**Exercise requirements**
Start to finish, retype the entries exactly while omitting the pictures.

[Records excerpted from a collection]
----------

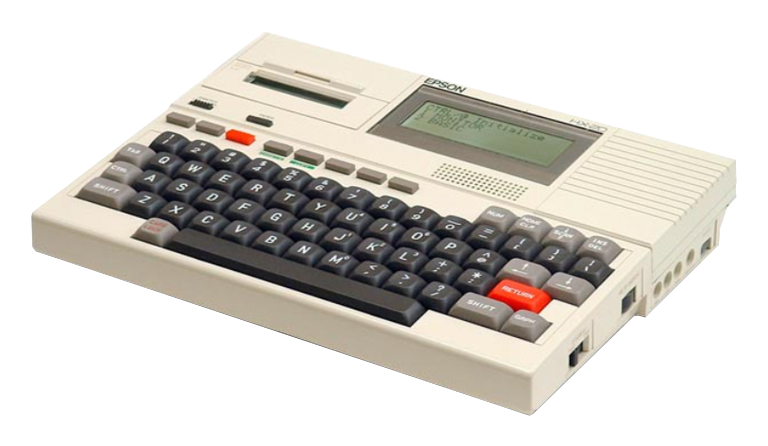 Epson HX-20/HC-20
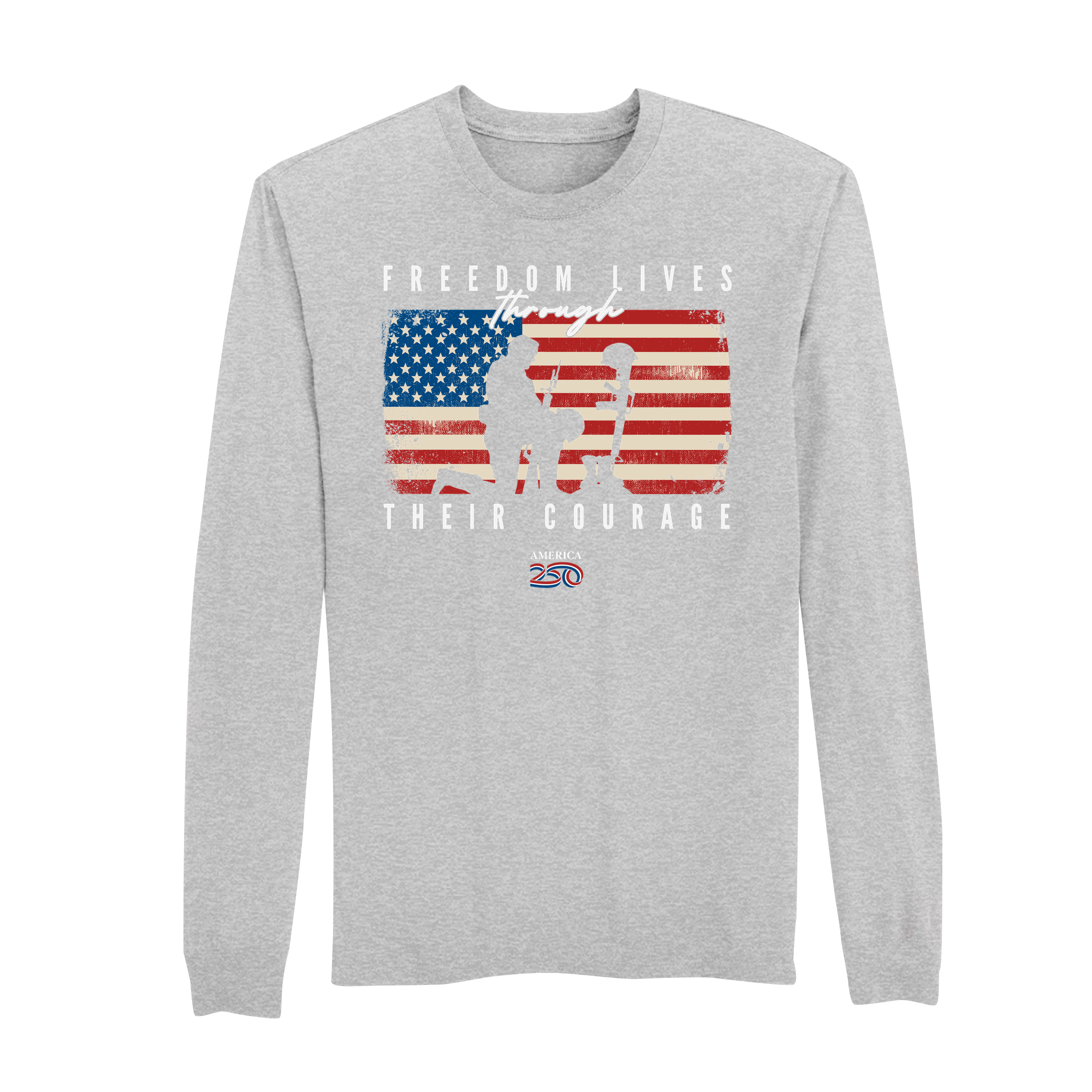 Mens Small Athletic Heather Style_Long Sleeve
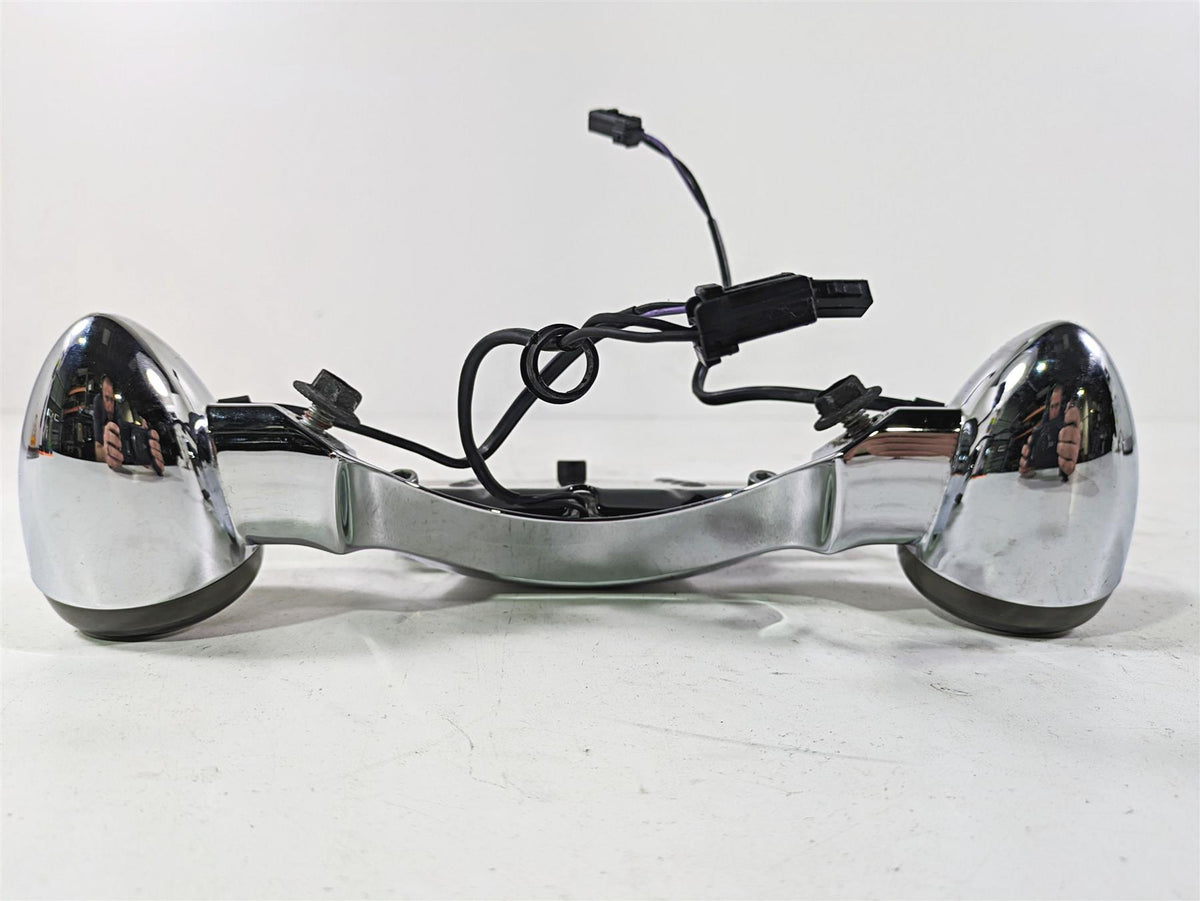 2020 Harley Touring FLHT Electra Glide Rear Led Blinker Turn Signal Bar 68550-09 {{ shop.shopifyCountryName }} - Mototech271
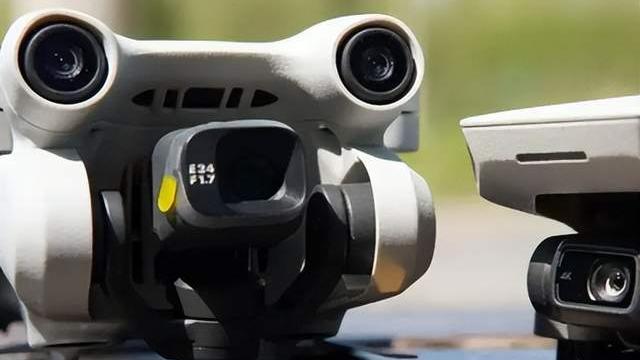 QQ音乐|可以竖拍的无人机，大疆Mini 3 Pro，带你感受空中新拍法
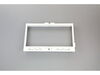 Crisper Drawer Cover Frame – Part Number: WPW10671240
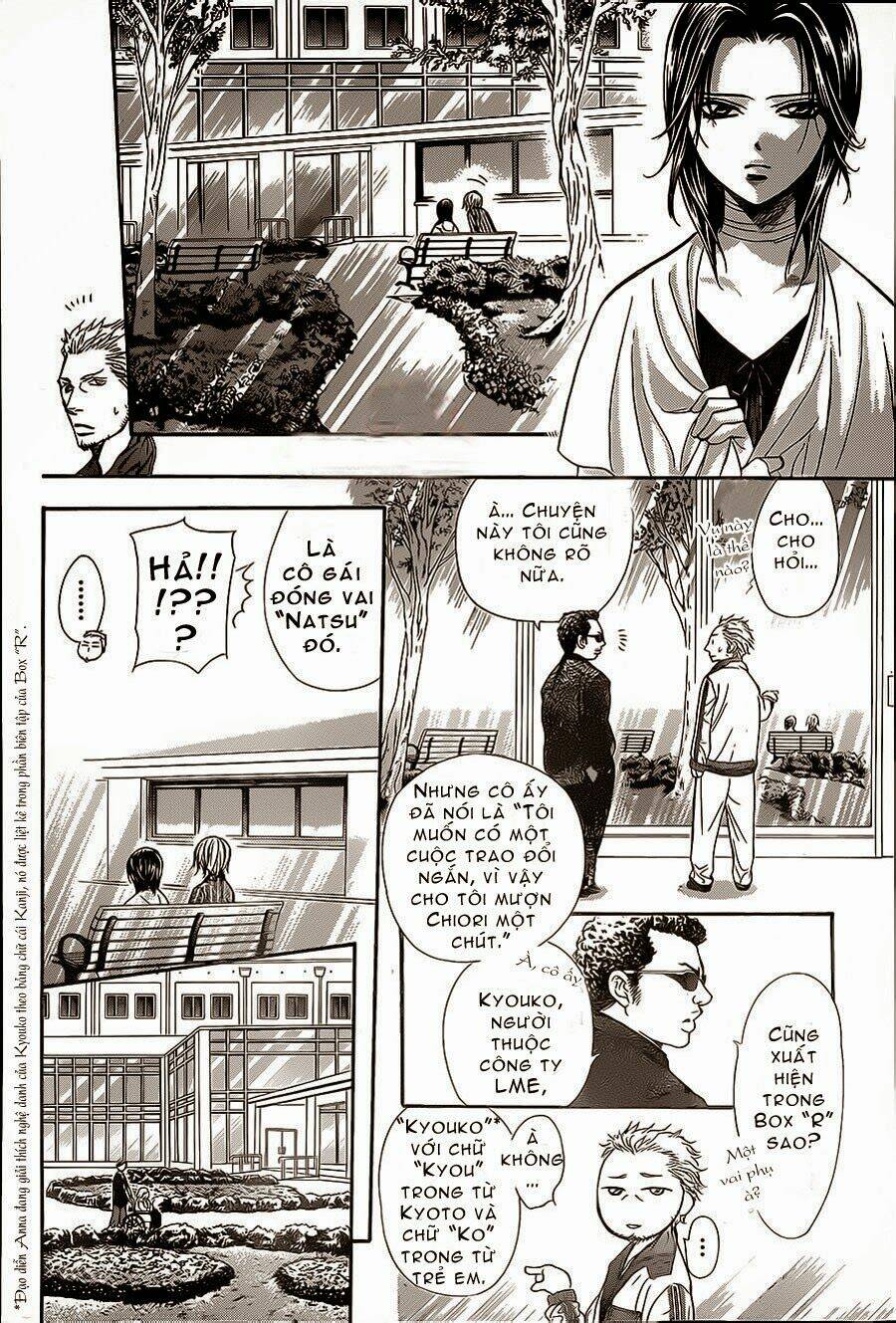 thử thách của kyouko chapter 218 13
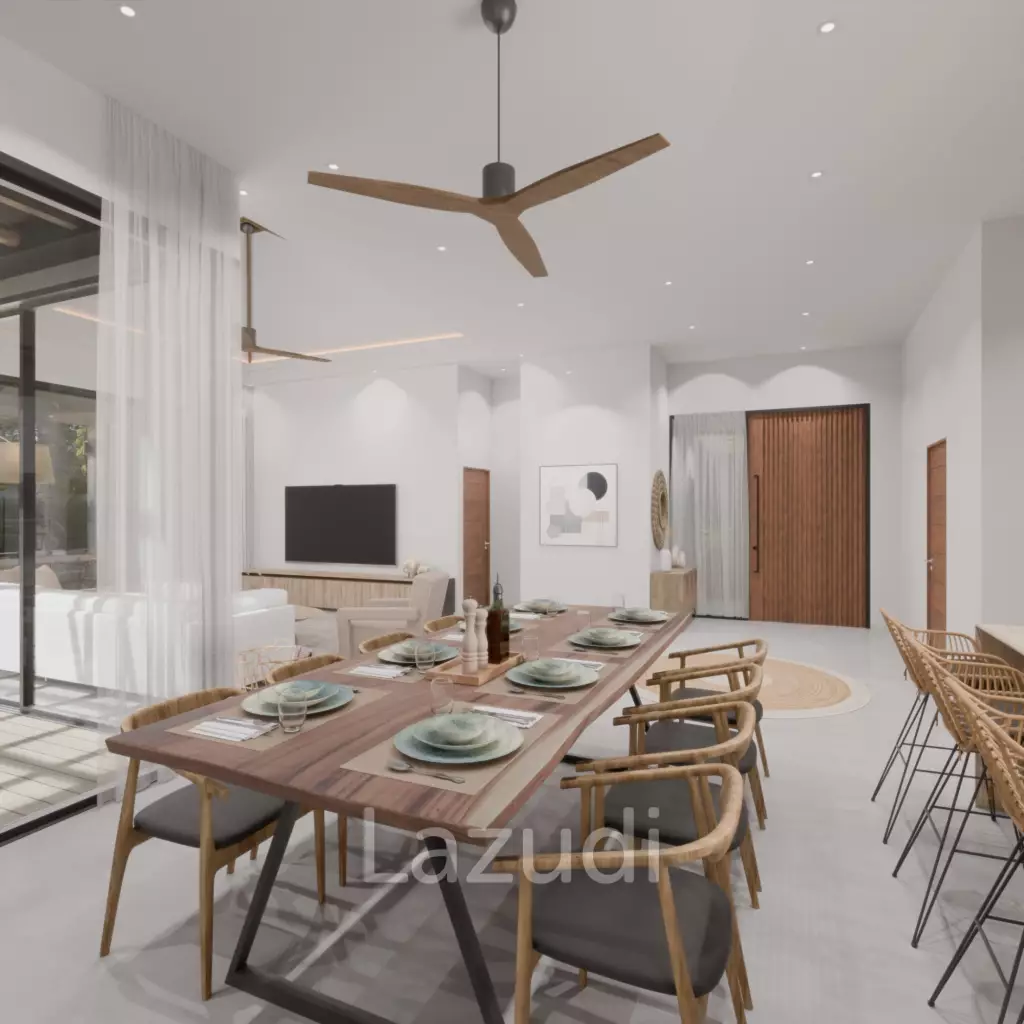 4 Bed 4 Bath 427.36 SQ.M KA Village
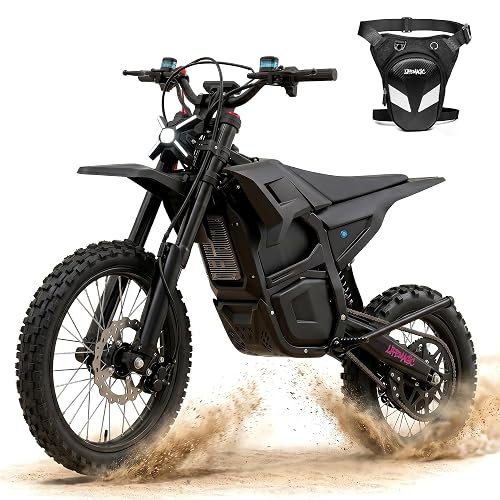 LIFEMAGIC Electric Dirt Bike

----------

**Exercise output**
 Epson HX-20/HC-20
 Mens Small Athletic Heather Style_Long Sleeve
 2020 Harley Touring FLHT Electra Glide Rear Led Blinker Turn Signal Bar 68550-09 {{ shop.shopifyCountryName }} - Mototech271
 QQ音乐|可以竖拍的无人机，大疆Mini 3 Pro，带你感受空中新拍法
 Crisper Drawer Cover Frame – Part Number: WPW10671240
 thử thách của kyouko chapter 218 13
 4 Bed 4 Bath 427.36 SQ.M KA Village
 LIFEMAGIC Electric Dirt Bike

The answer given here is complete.